There are four main types of dental bridges:
Traditional Dental Bridge
This is the most common type of dental bridge. The existing teeth are crowned with one or more pontics between and held in place by the crowned abutments. The crowns are cemented onto the teeth adjacent to the missing teeth to create a support structure or “bridge” for the missing teeth.
Cantilever Bridge
This type of bridge is similar to a traditional bridge, except that the structure is supported on only one side instead of both sides. This can cause the restoration to act as a “lever” and may create additional stress on the supporting tooth, causing it to be more likely to loosen or fracture.
Implant Supported Bridge
Instead of using existing teeth to support a bridge, a dental implant may be substituted to provide support for one or both sides of a dental bridge. This is a popular option that can provide a very secure restoration. This solution is particularly helpful when there are several adjacent missing teeth.
Maryland Bridge
This type of bridge is supported by a metal structure which is cemented onto the back of existing teeth. While not as strong as a traditional bridge, it can preserve the tooth structure of the adjacent teeth by avoiding the use of crowns for the abutments. It may not stay in place when heavy forces are placed on the restoration (such as biting and chewing) and does add pressure to the supporting teeth.
Cosmetic Bonding
Cosmetic bonding is the process of filling or restoring teeth with a tooth-colored material in order to improve a tooth’s appearance. In order to bond a tooth, composite material is added to the tooth structure to adjust the size, shape, or color of the existing tooth.

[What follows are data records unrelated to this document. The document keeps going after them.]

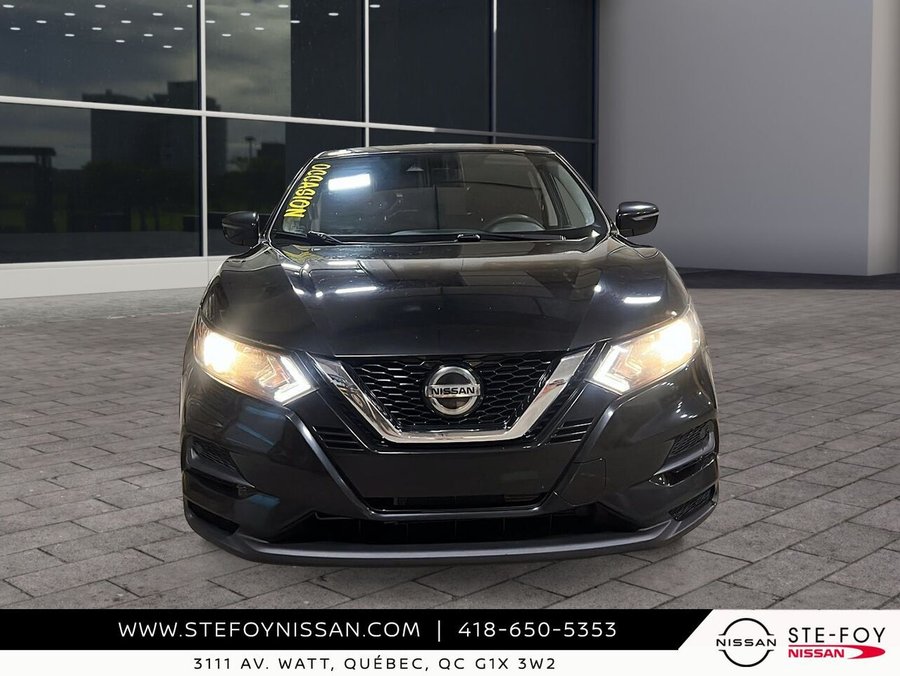Nissan Qashqai S S TI CVT 2021 Noir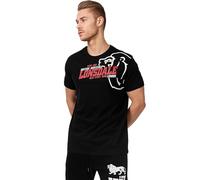 Lonsdale T- Shirt Trägerhemd Walkey, Noir (Schwarz), XX-Large (Taille Fabricant: XXL) Homme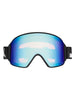 Anon M4 Cylindrical Black/Prcv Blue + MFI Face Mask Goggle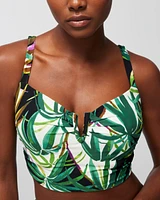 Soma Swim V-Wire Cropped Bikini Top
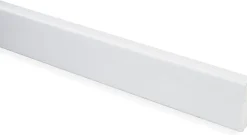 Peitelista Maler PVC 10x32x2200mm valkoinen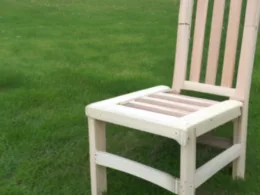 Jak naprawić krzesło ogrodowe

Cosmetic bonding is the process of applying a tooth-colored composite material to the tooth in order to improve the aesthetics of the smile while allowing the tooth to maintain a natural appearance. In order to bond a tooth, tooth colored material is added to the tooth to build it up.
Bonding is often used to:
- Correct the shape of a chipped tooth
- Correct the appearance of a cracked tooth
- Provide more even tooth color
Advantages of bonding over other treatments include:
- Bonding can be a less expensive treatment than other cosmetic options
- An appointment for bonding treatment usually takes less than one hour to complete
- Bonding usually allows the tooth’s structure to be preserved
Bonding may sometimes be preferred over veneers or crowns but may not be as long-lasting or durable. Bonding material can stain from coffee, tea, tobacco or some foods so proper home care is important.
Composite Fillings
Composite fillings use tooth-colored material to restore teeth with cavities and maintain a natural appearance. Once the decay is removed, the tooth is filled with a composite material which is then cured using a specialized light to harden the material. Composite fillings can be completed in one visit.
Identifying and addressing cavities early can prevent the need for more complex and costly dental procedures. If cavities are found before there has been significant decay, the tooth can be restored with a filling.

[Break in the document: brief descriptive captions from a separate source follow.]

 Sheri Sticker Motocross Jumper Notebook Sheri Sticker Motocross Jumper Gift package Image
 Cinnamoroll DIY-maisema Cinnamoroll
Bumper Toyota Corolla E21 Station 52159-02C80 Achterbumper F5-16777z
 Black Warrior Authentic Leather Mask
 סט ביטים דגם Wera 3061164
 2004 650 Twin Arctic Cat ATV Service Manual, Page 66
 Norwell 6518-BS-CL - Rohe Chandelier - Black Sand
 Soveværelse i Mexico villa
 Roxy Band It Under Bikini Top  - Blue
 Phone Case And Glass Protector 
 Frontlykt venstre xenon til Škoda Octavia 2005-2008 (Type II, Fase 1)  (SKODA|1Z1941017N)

Once a tooth has a cavity, the decay will continue to spread unless the decayed area is removed and the tooth is properly restored. Leaving cavities untreated can lead to the need for more significant restorative procedures such as crowns, bridges, root canals, or dental implants.

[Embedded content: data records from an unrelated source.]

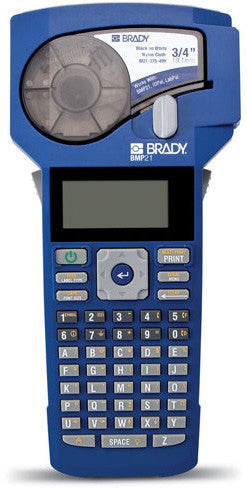 Brady BMP21 All In One Handheld Cable Labeler / Printer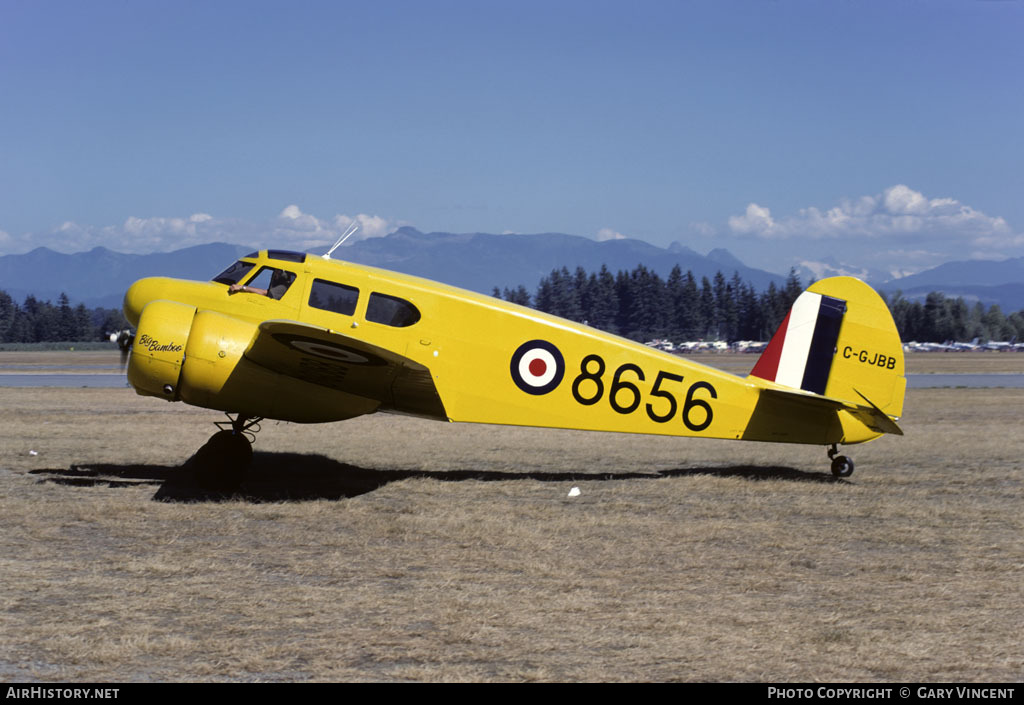 Aircraft Photo of C-GJBB / 8656 | Cessna T-50 Bobcat | Canada - Air Force | AirHistory.net #50613
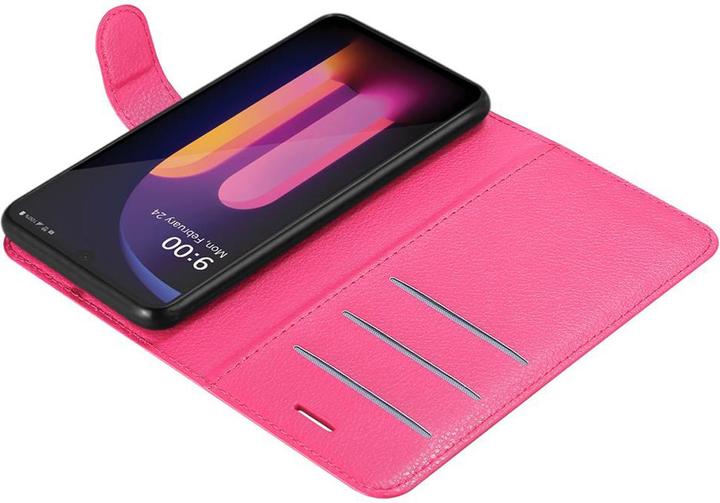 Produktbild Cadorabo Book mit Standfunktion Cover (LG V60 ThinQ 5G)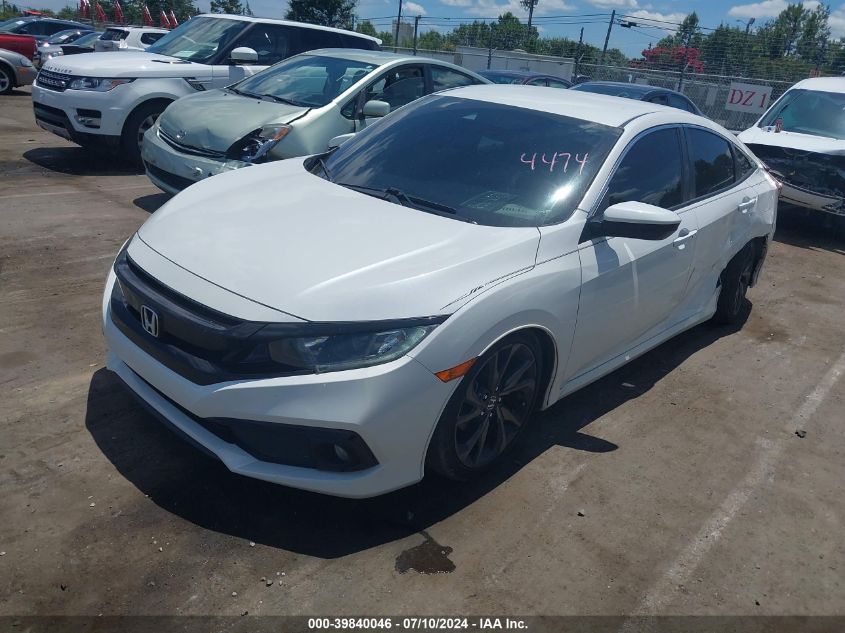 19XFC2E80KE004474 2019 HONDA CIVIC - Image 2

While metal (amalgam) fillings used to be common, tooth-colored composite material is now the most recommended filling material. The composite material blends in with the natural tooth and is less noticeable than a metal filling. The tooth-colored filling is not as affected by heat and cold as the metal fillings, so the patient is less likely to experience temperature-related sensitivity.
Another important reason composite fillings have replaced amalgam fillings is that they do not use mercury, which was present in metal fillings. Many patients are choosing to have their older amalgam fillings replaced with tooth-colored fillings for this reason.